We firstly must clearly state the input and output of the transformer architecture in the case of machine translation.

The input of the encoder the transformer architecture is a sequence of tokens, of shape [batch_size, src_len], whilst the decoder accepts an input of shape [batch_size, trg_len]. The transformer model will output a sequence of tokens, of shape [batch_size, trg_len, trg_vocab], which can later be arg-maxed into [batch_size, trg_len], with each token id in the second dimension being the next token of that position in the decoder input sequence.

For example, if the input of the decoder is <bos>, Attention, is, all, you, with <bos> as the beginning of the sentence, the output of the transformer model will be Attention, is, all, you, need.

Then, this part introduces the transformer structure by breaking it down into several parts.

The general structure is as follows,

Transformers Architecture

Which can be expressed as,

enc_out = enc_in |> input_block |> [multi_head_self_attention |> add_and_norm |> feed_forward |> add_and_norm] * N

dec_out = [(dec_out |> multi_head_self_attention |> add_and_norm |> feed_forward |> add_and_norm, enc_out) |> multi_head_cross_attention |> add_and_norm |> feed_forward |> add_and_norm] * N |> un_embedding_block

where N is the number of layers in the transformer architecture, |> is pipe, and [...] is the list of functions that are applied in order.

Input Block

Embedding and tokenization have already been introduced in previous parts.

Except for the normal tokenization and embedding, another important part of the input is the positional encoding in the transformer architecture.

The necessity of positional encoding is justified by the fact that the transformer architecture does not have any recurrence or convolution, in other words, it doesn't process the input token-by-token, and thus it fails to capture the position of the tokens in the input sequence.

To deal with the problem, instead of sending in only the embeddings of the tokens, the positional encoding is added to the embeddings.

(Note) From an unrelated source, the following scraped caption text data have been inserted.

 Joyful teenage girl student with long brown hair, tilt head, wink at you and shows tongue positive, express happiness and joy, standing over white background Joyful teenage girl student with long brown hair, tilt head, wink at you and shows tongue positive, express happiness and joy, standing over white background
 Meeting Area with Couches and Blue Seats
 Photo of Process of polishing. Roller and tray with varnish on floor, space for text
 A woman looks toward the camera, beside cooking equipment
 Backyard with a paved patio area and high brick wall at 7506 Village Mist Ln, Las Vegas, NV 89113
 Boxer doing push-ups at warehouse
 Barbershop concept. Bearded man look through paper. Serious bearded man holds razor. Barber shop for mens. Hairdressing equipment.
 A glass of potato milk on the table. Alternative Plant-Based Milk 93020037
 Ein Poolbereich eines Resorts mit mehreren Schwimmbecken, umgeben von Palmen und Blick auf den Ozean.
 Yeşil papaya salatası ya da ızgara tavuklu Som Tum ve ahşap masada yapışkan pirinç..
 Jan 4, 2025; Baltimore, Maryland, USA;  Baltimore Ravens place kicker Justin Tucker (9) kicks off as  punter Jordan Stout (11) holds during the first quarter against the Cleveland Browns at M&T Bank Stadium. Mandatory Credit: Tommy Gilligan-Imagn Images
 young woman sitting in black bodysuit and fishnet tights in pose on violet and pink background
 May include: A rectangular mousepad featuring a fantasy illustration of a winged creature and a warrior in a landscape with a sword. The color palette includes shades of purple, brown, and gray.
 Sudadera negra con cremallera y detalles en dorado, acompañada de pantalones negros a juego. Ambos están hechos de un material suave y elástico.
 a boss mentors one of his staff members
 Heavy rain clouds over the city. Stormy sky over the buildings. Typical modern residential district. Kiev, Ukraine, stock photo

The positional encoding is a vector that is added to the embeddings of the tokens, and it is calculated by the following formula,

$PE_{(pos, 2i)} = \sin(pos / 10000^{2i / d_{model}})$

$PE_{(pos, 2i+1)} = \cos(pos / 10000^{2i / d_{model}})$

where $pos$ is the position of the token in the input sequence, $i$ is the index of the dimension of the positional encoding, and $d_{model}$ is the dimension of the model, which equals the dimension of the embeddings.

This equal may seem arbitrary, but it is chosen to make the positional encoding have a smooth curve, which means that the positional encoding will have a similar value for similar positions.

In addition, the positional coding using the sine and cosine functions is chosen because the model can learn to attend to relative positions, since the sine of the sum of two angles can be expressed as a function of the sines and cosines of the angles, and so is the cosine.

Multi-head Attention

Cross Attention

If an attention layer requires to pay attention to a sequence based on another sequence, it is called cross attention. For example, the decoder in the machine translation task should pay attention to the encoder output in order to process the output of previous decoder layers.

The cross attention is calculated by the following formula,

$Q = YW^Q \\ K = XW^K \\ V = XW^V \\$

So the cross attention can be calculated the same as the self-attention, but the queries are based on the desired output shape.

The Mask Technique

There is another trick that improves the self-attention mechanism.

The mask is used to prevent the model from attending to the future tokens in the input sequence. The mask is a matrix that is added to the attention scores, and it is calculated by the following formula,

$\text{mask}_{ij} = \begin{cases} -\infty & \text{if } j > i \\ 0 & \text{otherwise} \end{cases}$

where $i$ is the row index and $j$ is the column index of the matrix.

So the mask is added to the attention scores before the soft-max function is applied to the attention scores, and the model won't attend to the future tokens in the input sequence.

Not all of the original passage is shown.